ワシントンへ行ったぞ! 首都は遠かった



 ワシントンは東京に似ていた。

人も車も多くて、ゴミゴミした感じ。ビルがひしめき合って、サウスカロライナに比べると空がせまい。懐かしいような、でも、田舎ののんびりした暮らしが身についてしまって、こういう所にはもう住めないだろう、という気がする。

 東洋人が多い。地下鉄の中にもいっぱい。どうやらここで生活しているらしい出で立ち。でも、話している言葉を聞くと中国語のようだ。日本語はモニュメントやホワイトハウス近辺で聞くことが出来た。観光地にはいっぱいいるんだ、日本人は・・・。

 ワシントンは2回目である。もう11年も前になるのだが、おとうの出張を追いかけてアメリカに来たとき、週末を利用して1日だけ訪れたのだった。そのときはまだ身軽だったため、スミソニアン博物館のいろいろを楽しんだのだ。だが今回は違う。9才から3才までのがきんちょを4人も連れている。

 ちーは最近母の特訓のおかげで、かどうかしらないけれど、社会科が好きになったと言って、博物館行きを楽しみにしていた。独立戦争や南北戦争の話に興味を持っている。ホワイトハウスのことも、去年3年生の社会科で勉強してクリントンさんに手紙まで書いたとかで、やたらと詳しい。かおは「白い家なんて珍しくもないじゃない!なんでそんなの見にわざわざ歩いて行かなくちゃいけないのよ!」とおかんむりだ。のんは「歩くのやだ!」とすごむ。みーは「これからどこへ行くの?」と15分ごとに同じ質問。

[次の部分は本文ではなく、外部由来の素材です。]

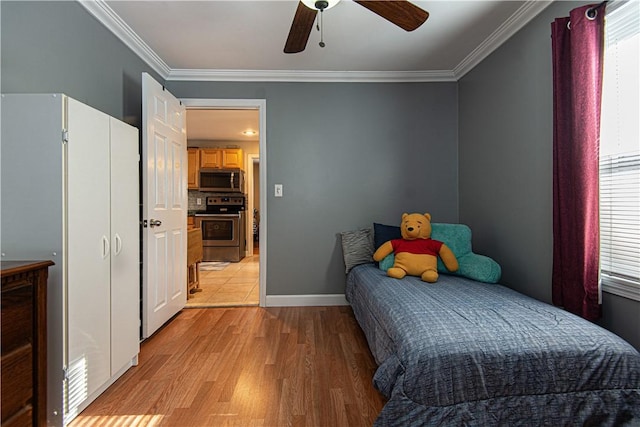 bedroom with crown molding, ceiling fan, and light wood-type flooring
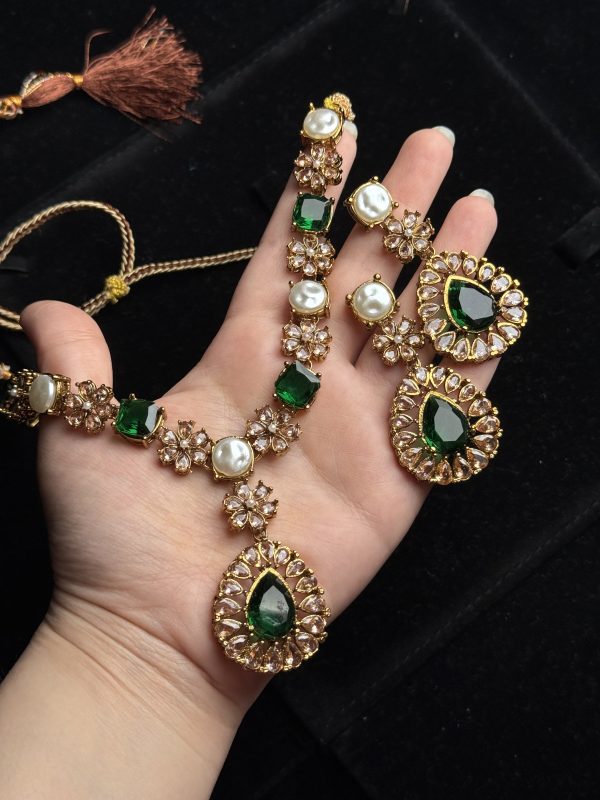 Whispering Blossom necklace and earrings set with pearls and petal-shaped gemstones in Green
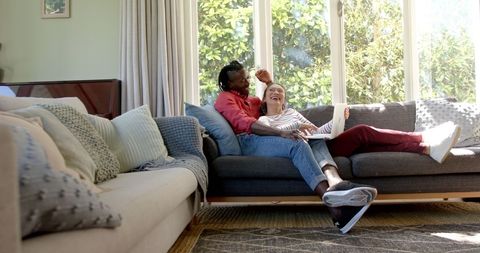 Diverse Couple Relaxing on Couch, Sharing Moments - Download Free Stock Images Pikwizard.com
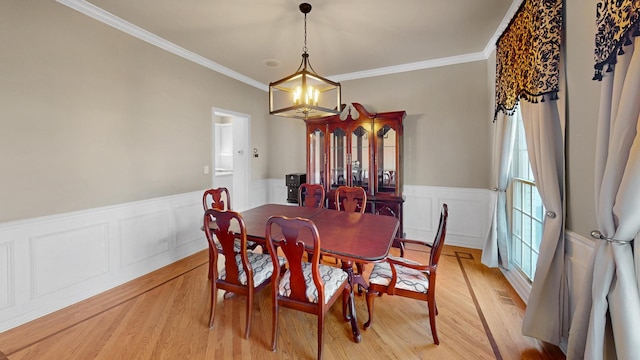 dining area featuring ornamental molding, a notable chandelier, light wood finished floors, and wainscoting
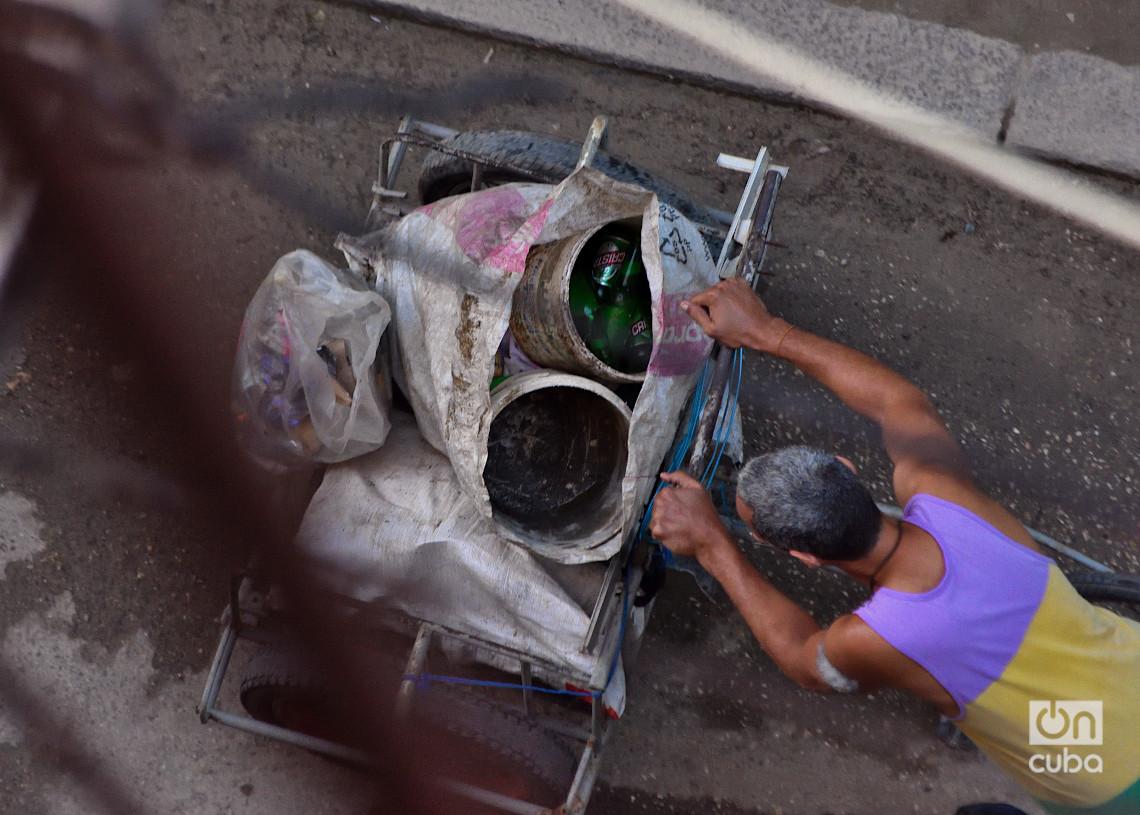Un hombre empuja una carretilla con botellas y otras cosas rescatadas de la basura. Foto: Otmaro Rodríguez.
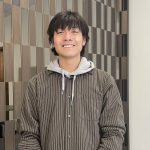 Student in brown hoodie standing in front of a checkered wall.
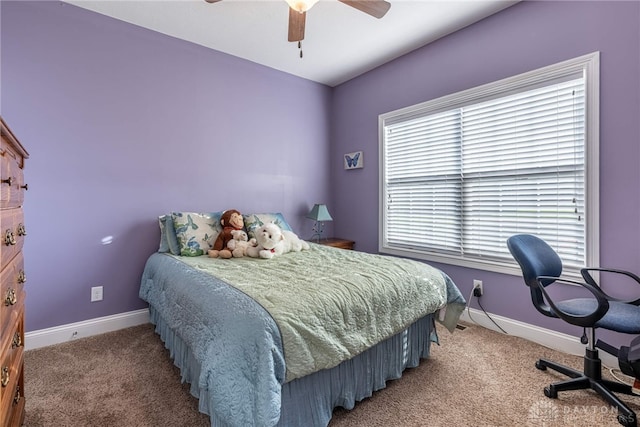 bedroom featuring carpet floors, baseboards, and a ceiling fan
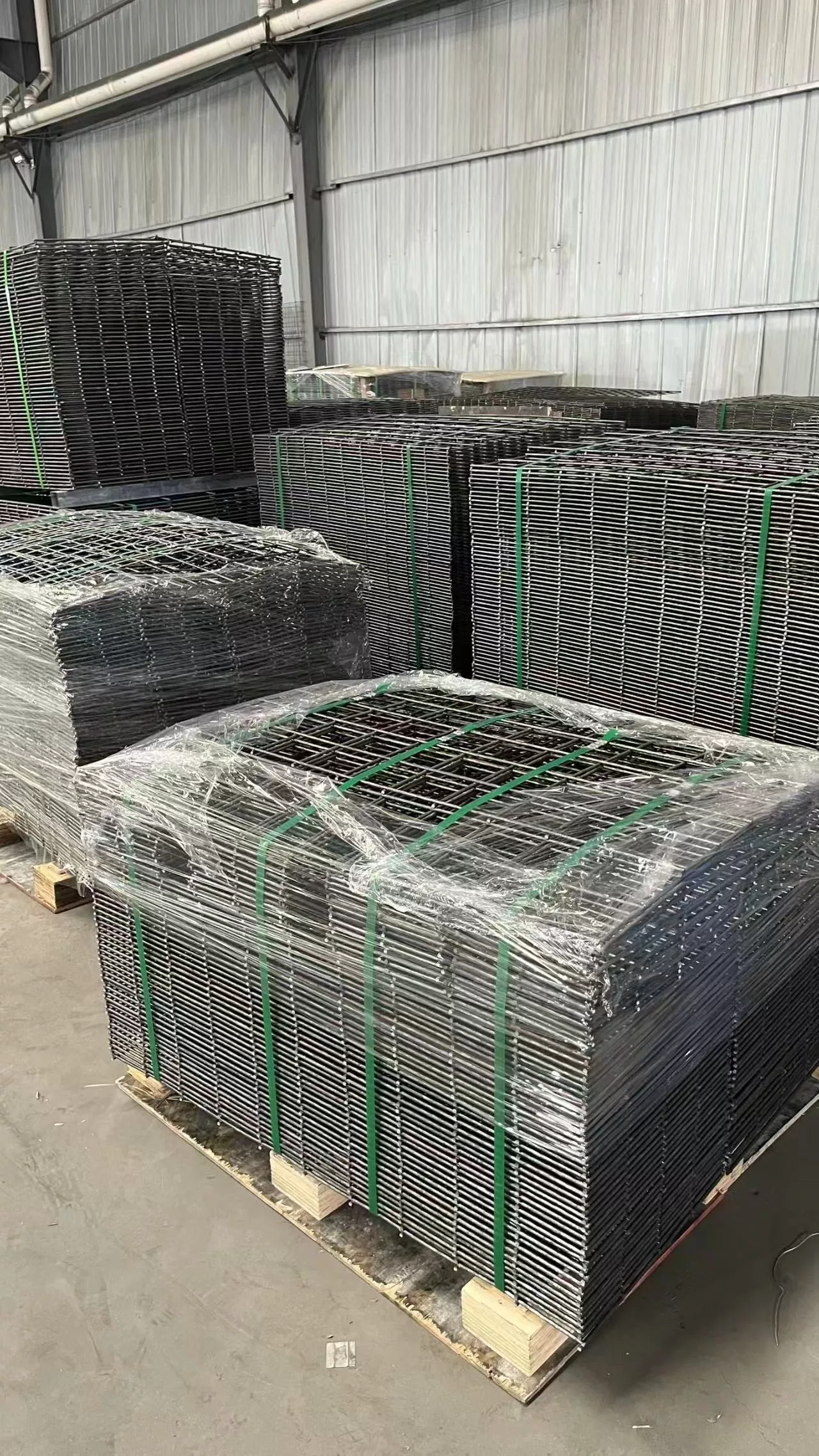 Factory-direct stock of hot-dipped galvanized Hesco barrier panels ready for immediate export, showcasing DB Fencing's production capacity.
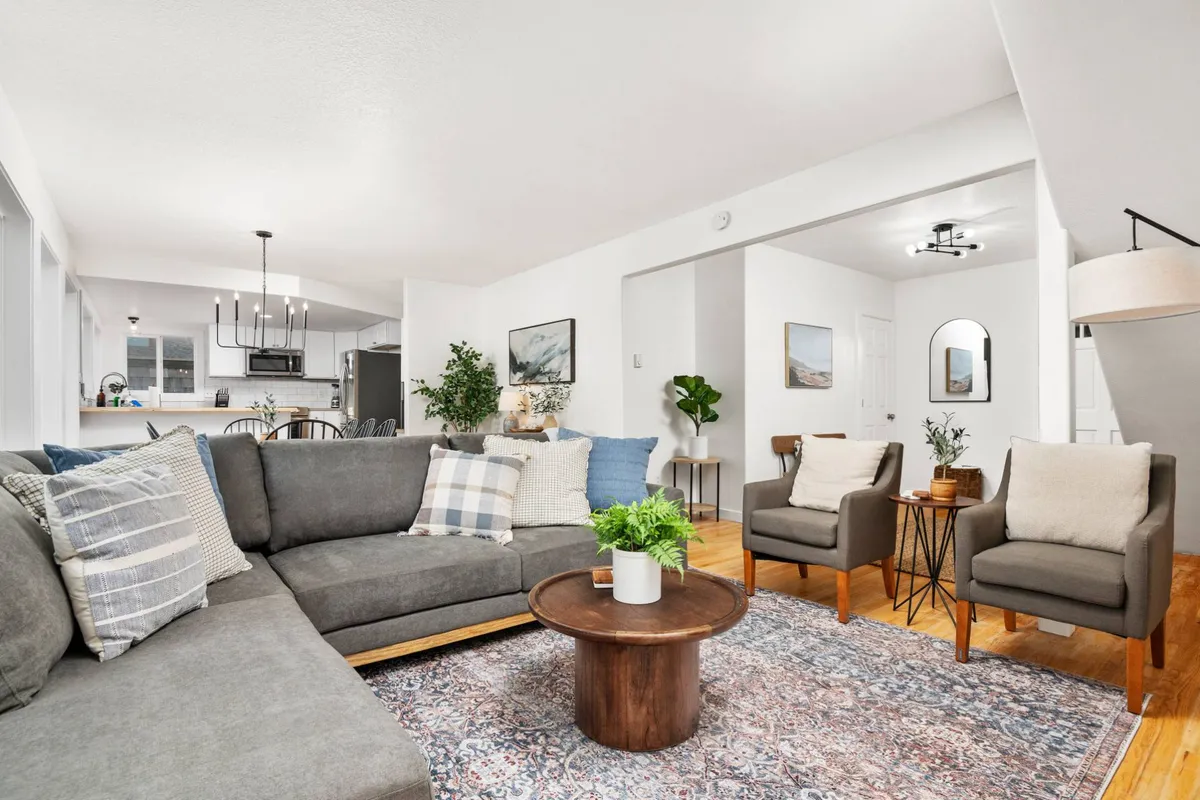 A cozy living room scene with a plush sectional sofa, wooden coffee table, decorative pillows, and artwork adorning the walls. The space feels airy and welcoming, ideal for lounging, reading, or sharing stories with friends and family.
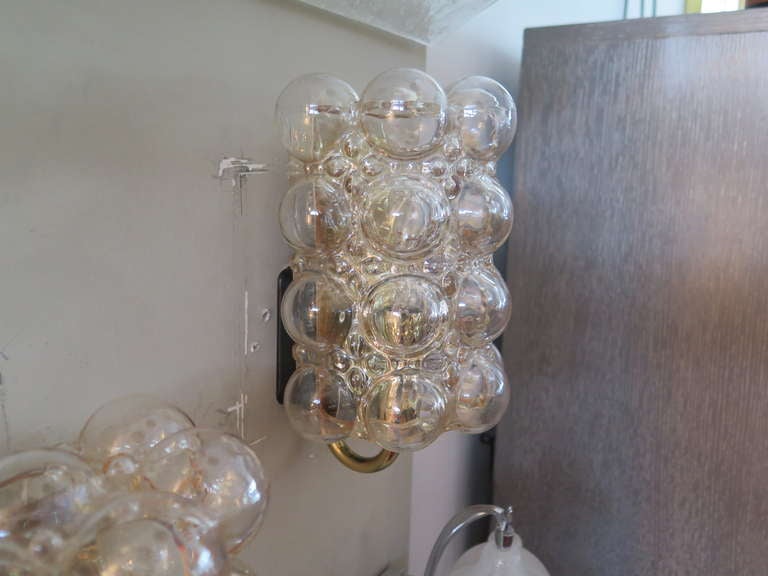 Great pair of cylindrical shaped Austrian bubble glass sconces with brass hardware. Slight amber tint to glass. Newly rewired.
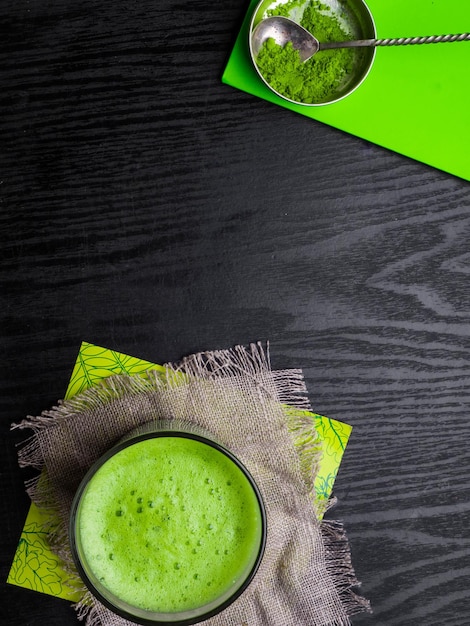 Japanese matcha green powdered tea latte served in glass on sackcloth powder in bowl with vintage spoon copy space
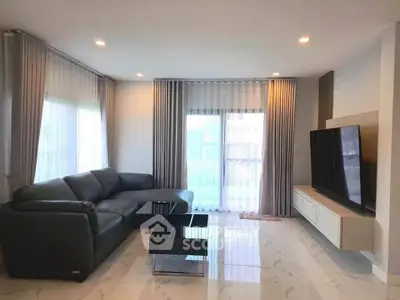 Spacious modern living room with sleek furniture and large TV, perfect for relaxation and entertainment.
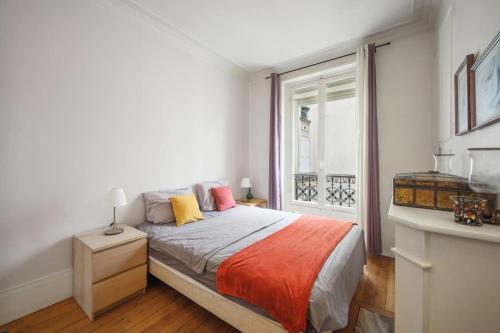 une chambre blanche avec un lit et une fenêtre dans l'établissement Beautiful flat heart of XIVeme, à Paris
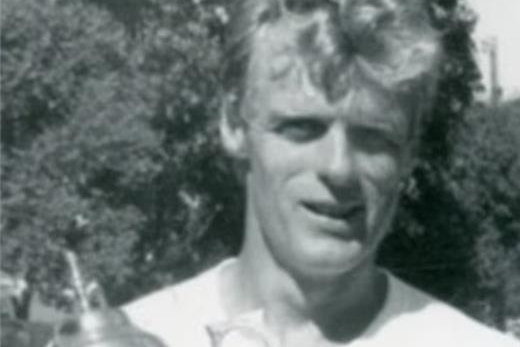 Black and white image of a man holding a sports trophy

 博物館めぐりがチビどもの気にいるはずがない。歩き通しだったし、人がいっぱいで迷子にならないようにするだけでも疲れる。案の定、「疲れた」「お腹がすいた」「のどが乾いた」そして、「おしっこ」果ては、「うXX」。そのたびにあっちに行き、こっちに戻り、目的の場所にはなかなか着けない。大人もくたびれてしまった。

 親子6人、無事に旅行が出来たのだから、それで良しとするしかないのだけれど、「ハトを追いかけた」のがこの旅行の最高の出来事だったと言われるとちょっとがっかりだ。みーがちーくらいの年齢になる頃にはきっと違った感想が持てるに違いない。もっともその時にアメリカにいるとは限らないし、いても片道10時間のドライブをするだけの体力がおとうと私に残っているとは思えないけれど・・・。